May 26, 2015 | The Jerusalem Post

Analysis: Why Iran’s Failure to Protect Religious Minorities Doesn’t Bode Well For Nuclear Deal

Iranian President Hassan Rouhani’s tenure has been marked by intensified persecution and incarceration of Baha’is, Jews, Christians and Sunni Muslims, according to a new report from the US Commission on International Religious Freedom.

“Since Hassan Rouhani assumed office in August 2013, the number of individuals from religious communities who are in prison because of their beliefs has increased,” it said.

The report raises disturbing questions about Iranian compliance with any nuclear agreement in light of the Islamic Republic’s failure to honor pledges to respect its citizens’ basic human rights. Rouhani in 2013 committed himself to a concrete guarantee of human rights. His country’s foreign minister, Javad Zarif, stressed in May that “we don’t jail people for their opinions.”

The Commission on International Religious Freedom report states, “non-Muslim minorities – Jews, Armenian and Assyrian Christians, and Zoroastrians – face harassment, intimidation, discrimination, arrests and imprisonment.” The small number of Jews remaining in Iran “can’t hold high office or teach in universities,” Shahrzad Elghanayan, an Iranian Jew from a distinguished family, who fled the Islamic Republic and now lives in Israel and the US and other countries, said in a Washington Post commentary.

The Islamic Republic’s revolutionary founder Ayatollah Ruhollah Khomeini executed Elghanayan’s grandfather Habib Elghanian, one of the country’s leading industrialists.

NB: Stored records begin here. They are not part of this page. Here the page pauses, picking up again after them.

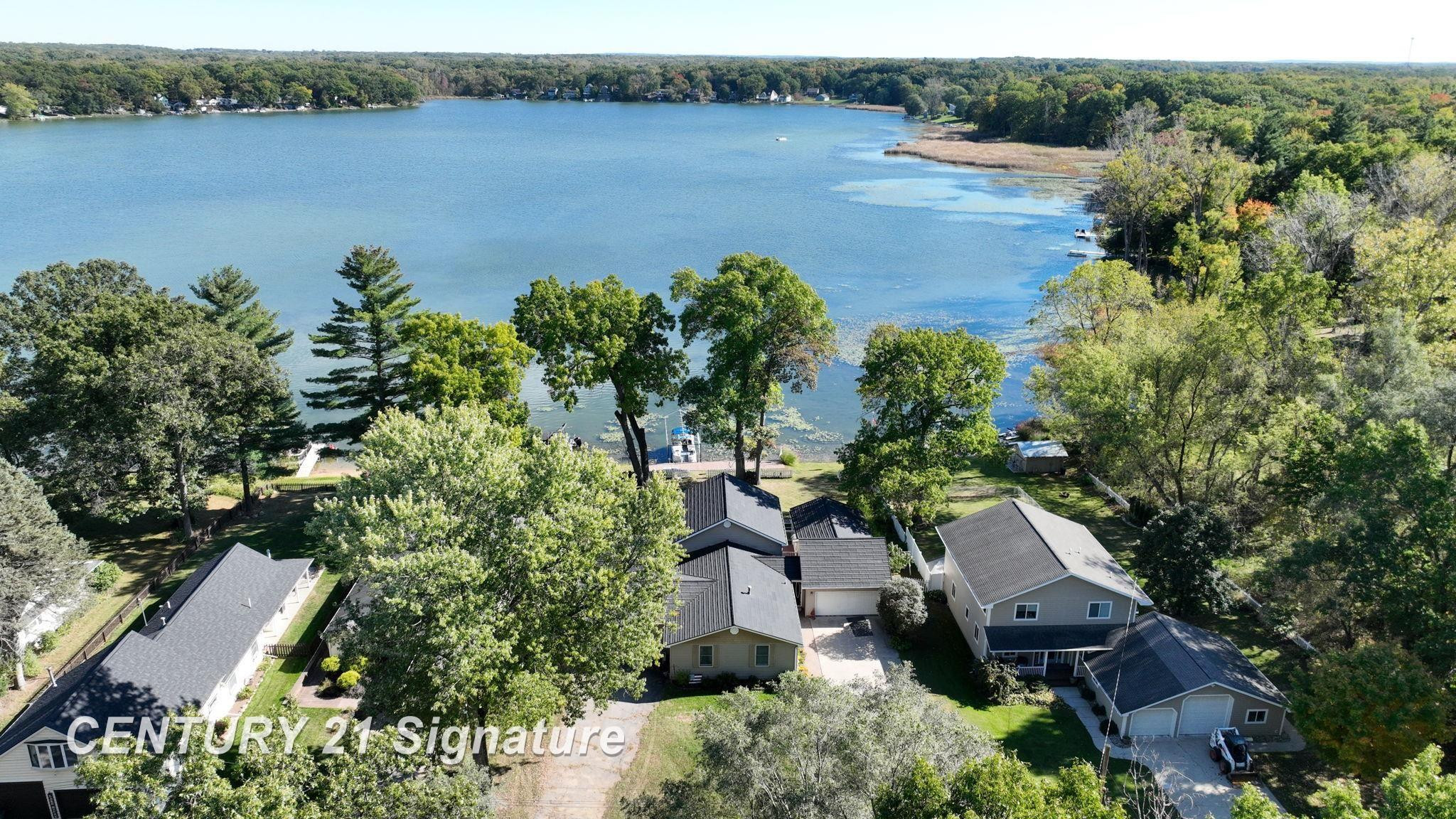 2176 Martha Hulbert Drive, Lapeer, MI 48446 — Photo 4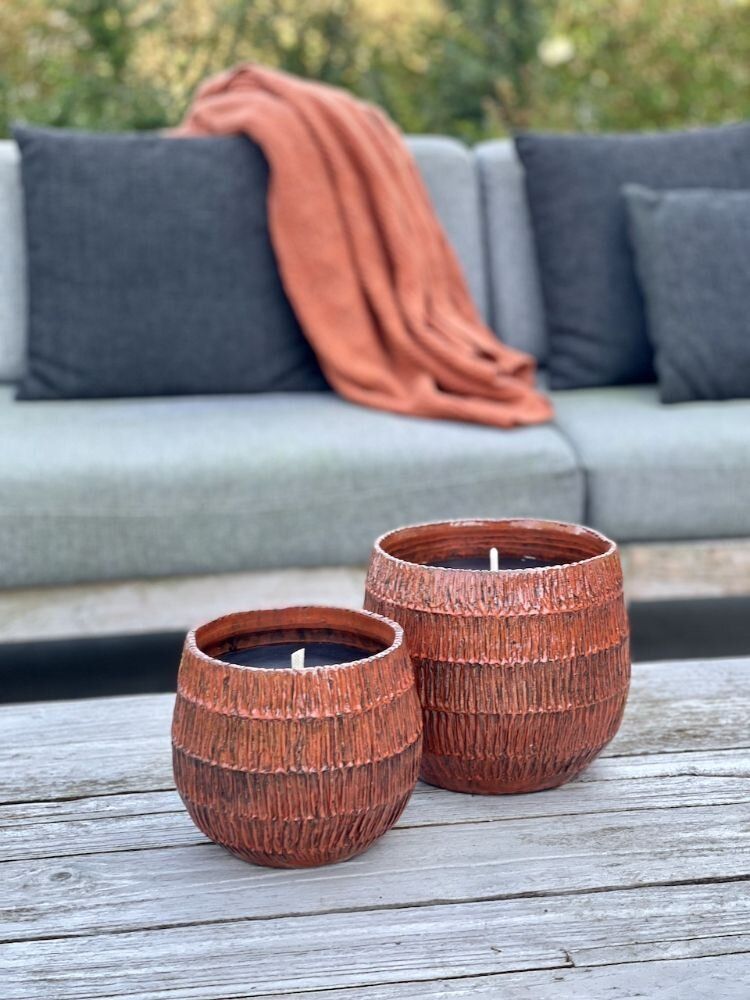 Bougies - Bougies Outdoor - DEKOCANDLE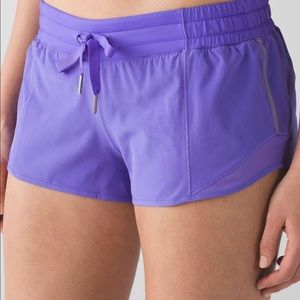 RARE HOTTY HOT SHORTS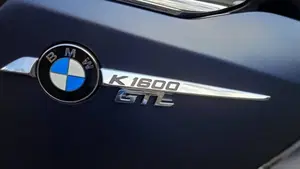 Bmw K 1600 GTL (2010 - 16)  (11)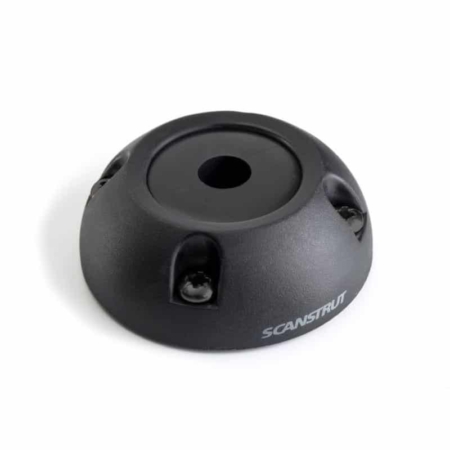 Scanstrut DS30-P-BLK Black Vertical Entry Cable Seal (9-14mm Cables) DS30-P-BLK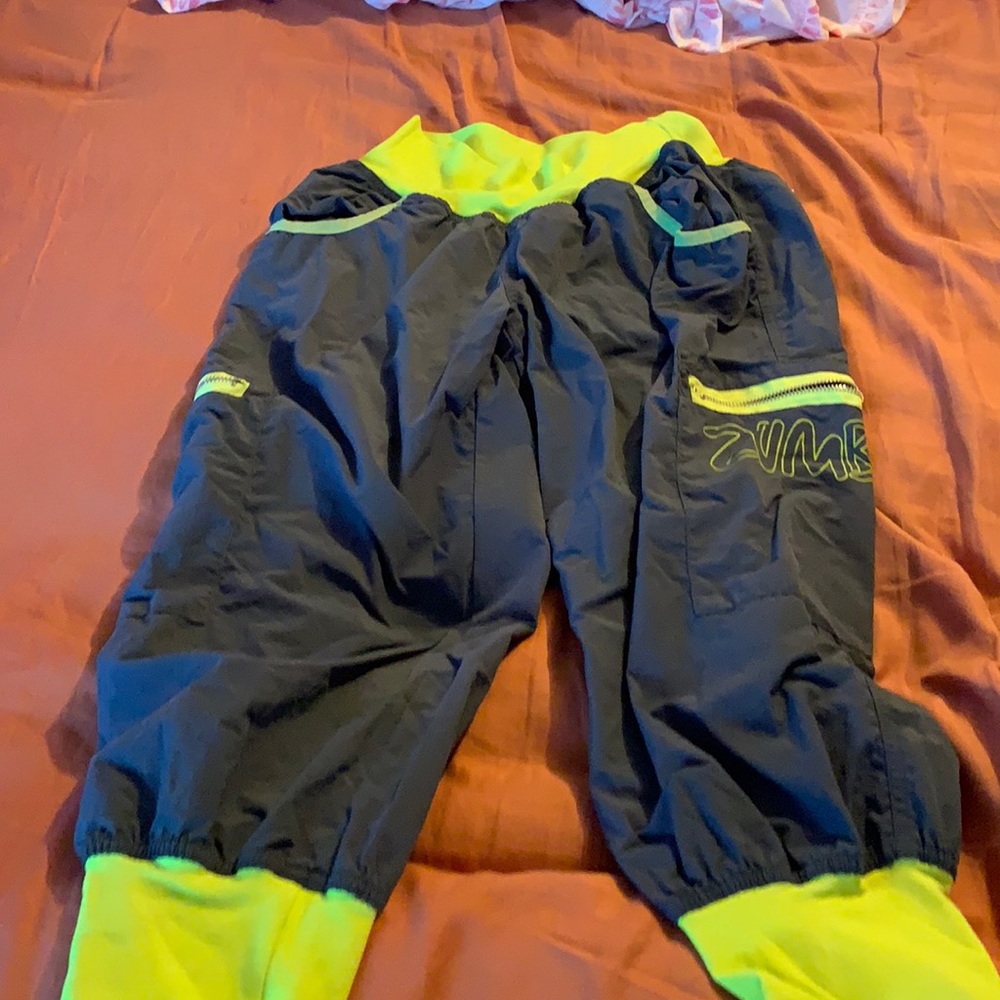 Zumba Pants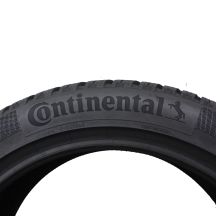 6. 4 x CONTINENTAL 225/45 R17 94V XL WinterContact TS860 Zima 2019 7,2-8,2mm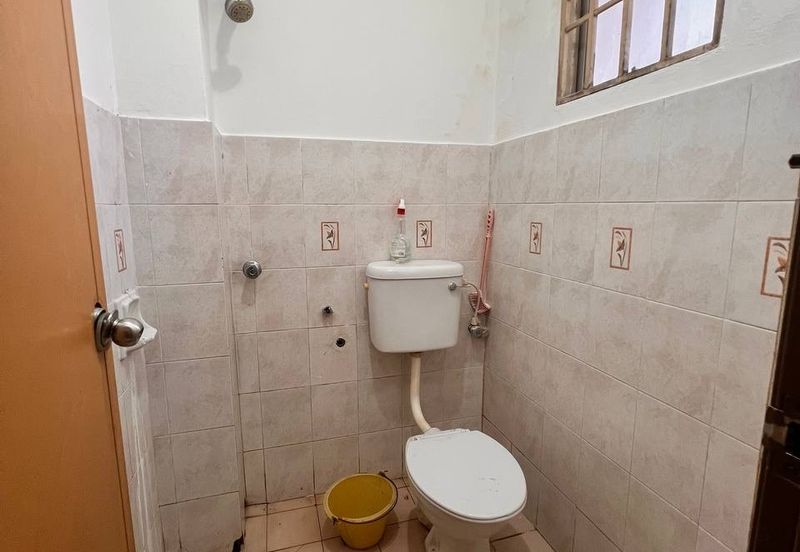 Double Storey Terrace D’Sentral Bandar Seri Putra 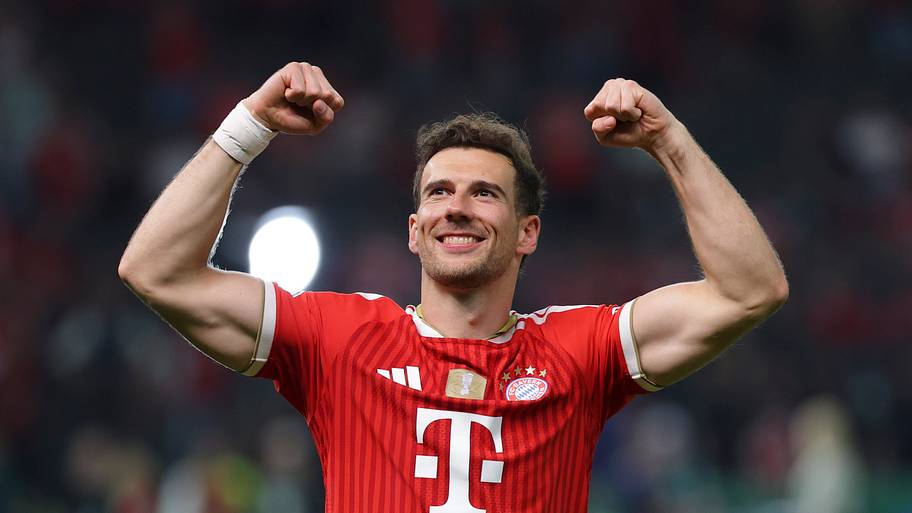Leon Goretzka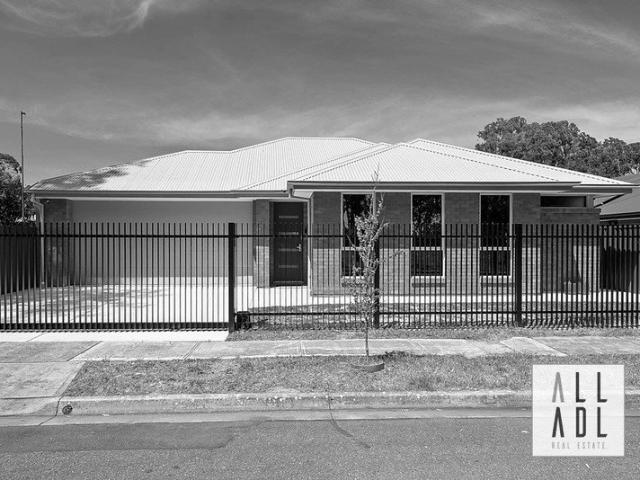 House for sale in Salisbury Downs, Adelaide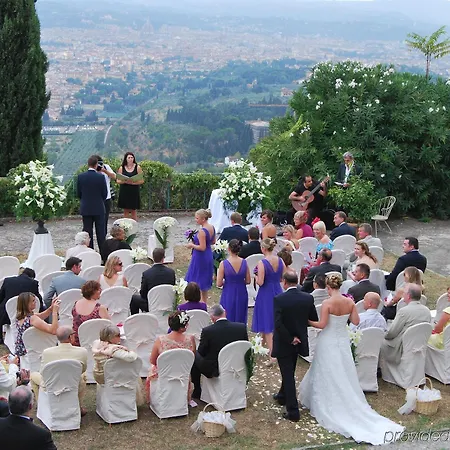 Le Rondini 4* Florence
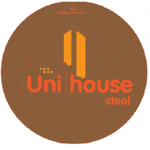 Công Ty TNHH Xây Dựng Và Thương Mại Unihouse Steel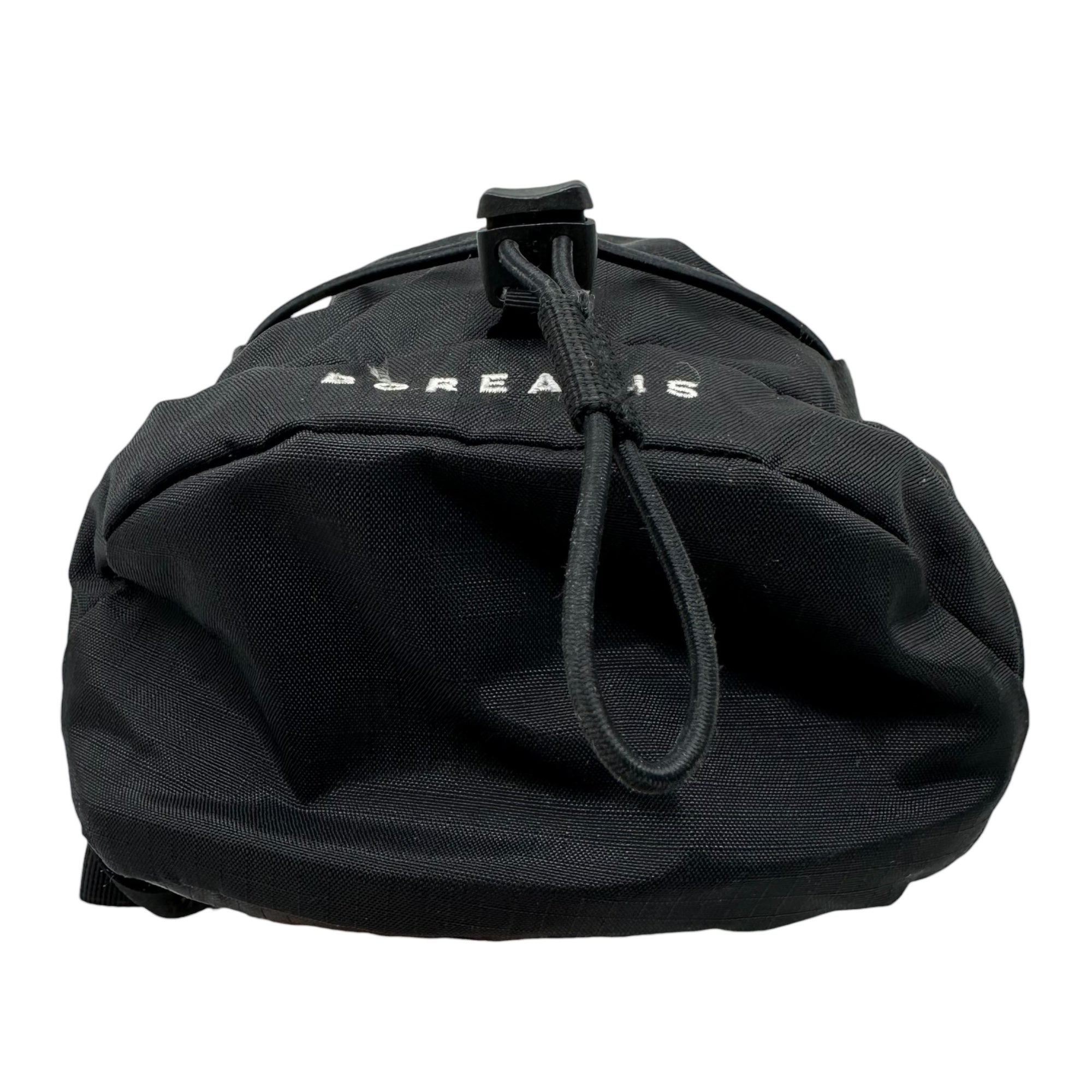 THE NORTH FACE(ノースフェイス) BOREALIS SLING BAG ボレアリス スリング バッグ ポーチ NF0A52UP ブラック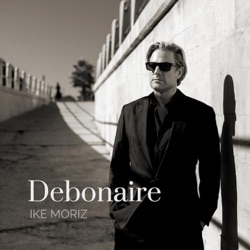 IKE MORIZ - Ticket to Ride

She wrote, “My grandfather was executed after a 20-minute trial on trumped-up charges that included being a ‘Zionist spy.’” Congressman Ted Deutch (D-Florida) told The Jerusalem Post, “The United States and the international community must continue to condemn Iran’s persecution of religious minorities, including those of the Baha’i faith, the largest non-Muslim religious minority in Iran. That’s why I recently introduced a bipartisan resolution that calls out the Iranian regime for its horrific treatment of the Baha’i community, from confiscating private property to denying students access to higher education.”

Deutch continued, “Regardless of what happens on the nuclear file, sanctions against those responsible for the regime’s most egregious human rights abuses cannot be lifted and if anything should continue to increase.”

On May 14, 2008, Iran arrested seven Baha’i leaders merely for being Baha’is. The regime alleged they provided assistance to Israel and engaged in “spreading corruption on earth.”

Shirin Ebadi, founded of the Tehran-based Defenders of Human Rights Center and the 2003 Nobel Peace Prize laureate, told CNN that Iran should release the Baha’i leaders.

“In the files, in the case basically, there is nothing, no reason that basically convicts them,” she said.

The regime sentenced them to 20 years in prison each.

Writing on his blog last week, Elliott Abrams, a former senior US diplomat, said: “The truth about life in the Islamic Republic is revealed not by the smooth diplomats it sends abroad for international negotiations, but by the suffering of these peaceful and vulnerable citizens.”

Ebadi, an interview with the US-based Pacifica radio in late April, said the only difference between the allegedly moderate Rouhani and his hardcore anti-Western predecessor Mahmoud Ahmadinejad is that “Rouhani smiles more.”

The US, France, UK, Germany, China and Russia have invested considerable energy in crafting an enormously complex deal to stop Iran from building nuclear weapons. While human rights considerations have played no role, the pattern of the regime’s broken promises may have much to tell us about whether Tehran will honor any accord.